Urząd Ochrony Konkurencji i Konsumentów przygotował wyjaśnienia dotyczące możliwości zakończenia polubownie postępowania w sprawie praktyk ograniczających konkurencję lub naruszających zbiorowe interesy konsumentów. Wynika z nich, że jeżeli przedsiębiorca obieca zlikwidować skutki niedozwolonych praktyk, prezes UOKiK może wydać tzw. decyzję zobowiązującą.

– Na przedsiębiorcę nie nakłada się wtedy kary pieniężnej, nie dochodzi także do stwierdzenia, że stosował zakazane praktyki – mówi Grzegorz Materna, dyrektor Departamentu Ochrony Konkurencji.

Przedsiębiorca powinien złożyć wniosek o wydanie decyzji zobowiązującej tuż po wszczęciu postępowania przeciwko niemu.
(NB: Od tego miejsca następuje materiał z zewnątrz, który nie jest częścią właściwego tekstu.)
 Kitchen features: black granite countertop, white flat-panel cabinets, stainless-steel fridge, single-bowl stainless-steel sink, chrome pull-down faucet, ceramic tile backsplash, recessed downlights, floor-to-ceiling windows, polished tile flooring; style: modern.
Chodzi o to, żeby uniknąć przeprowadzania czynności dowodowych i skrócenie sprawy. Później przyjęcie wniosku jest możliwe tylko wyjątkowo.

W uzasadnieniu wniosku przedsiębiorca powinien wskazać, w jaki sposób zamierza wyeliminować niedozwoloną praktykę i usunąć jej skutki, oraz zaproponować termin wykonania zobowiązania.
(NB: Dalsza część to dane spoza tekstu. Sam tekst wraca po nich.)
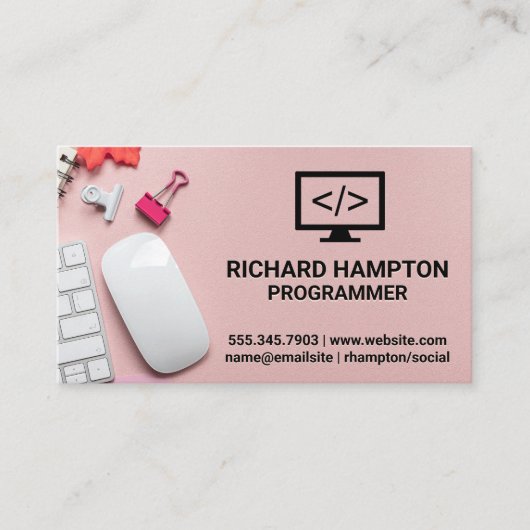 Coderingspictogram | Kantoor-achtergrond Visitekaartje (Voorkant)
Deklaracja przedsiębiorcy powinna mieć bezpośredni związek z praktyką kwestionowaną przez UOKiK. Jeśli prezes UOKiK będzie miał zastrzeżenia, np. uzna, że zobowiązanie jest niepełne lub nieprecyzyjne, przedsiębiorca będzie mógł zmienić treść wniosku.
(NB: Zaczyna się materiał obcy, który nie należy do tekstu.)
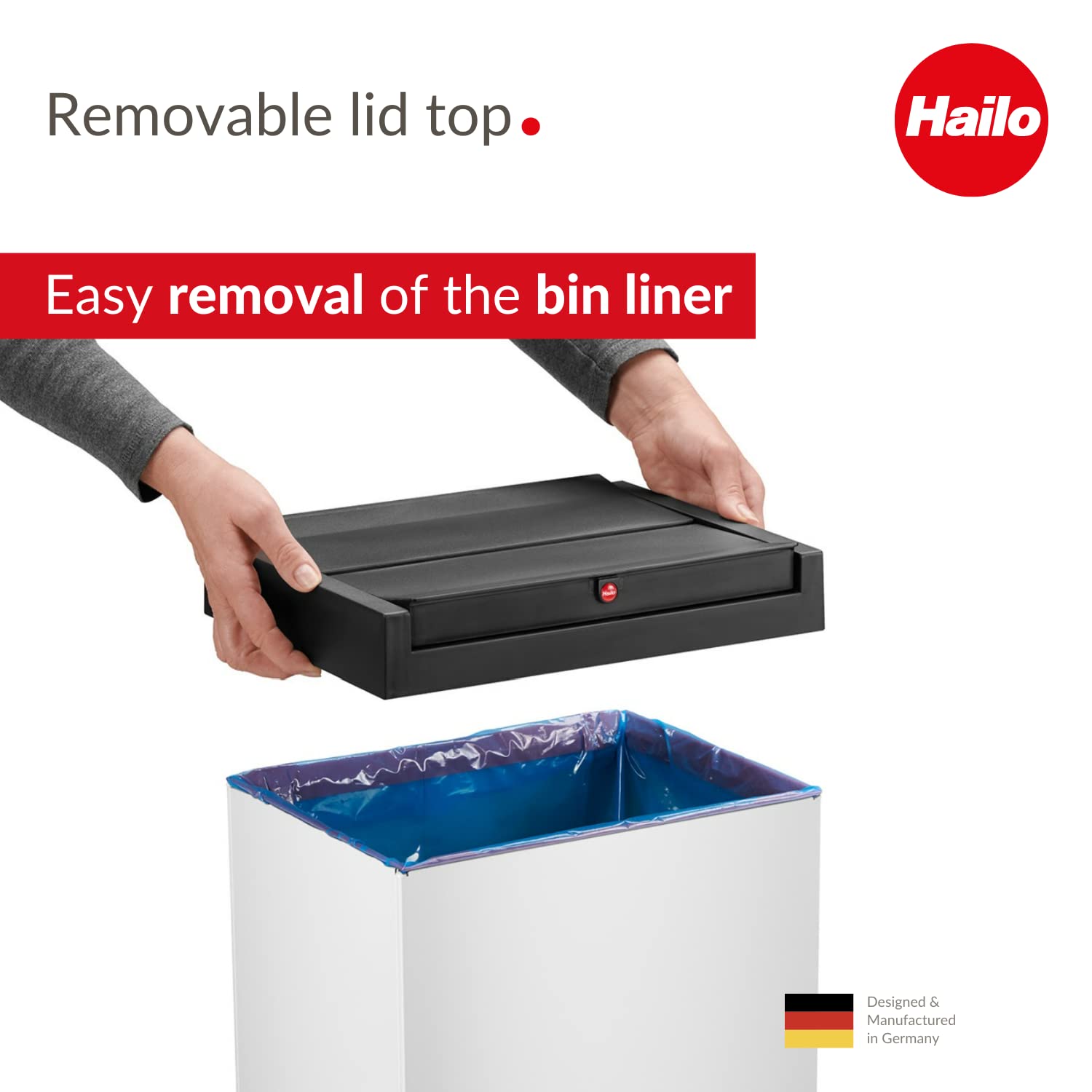 Hailo Big-Box Swing XL Waste bin | 1 x 52 liters / 13.7 gallons | Self-Closing Swing lid | Steel Sheet | Bin Liner Clamping Frame | Waste bin Kitchen Rectangular | Made in Germany | White 0860-231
Wydanie decyzji zobowiązującej wiąże się z obowiązkiem składania przez przedsiębiorcę w wyznaczonych terminach informacji o postępach w wypełnianiu zobowiązania. Gdy zalecenia decyzji zobowiązującej  nie zostaną wykonane na czas lub  zabraknie  informacji o stopniu jej realizacji, Urząd może uchylić decyzję i nałożyć na przedsiębiorcę karę finansową. W ubiegłym roku co trzecie postępowanie antymonopolowe lub w sprawie praktyk naruszających zbiorowe interesy konsumentów zakończyło się wydaniem decyzji zobowiązującej.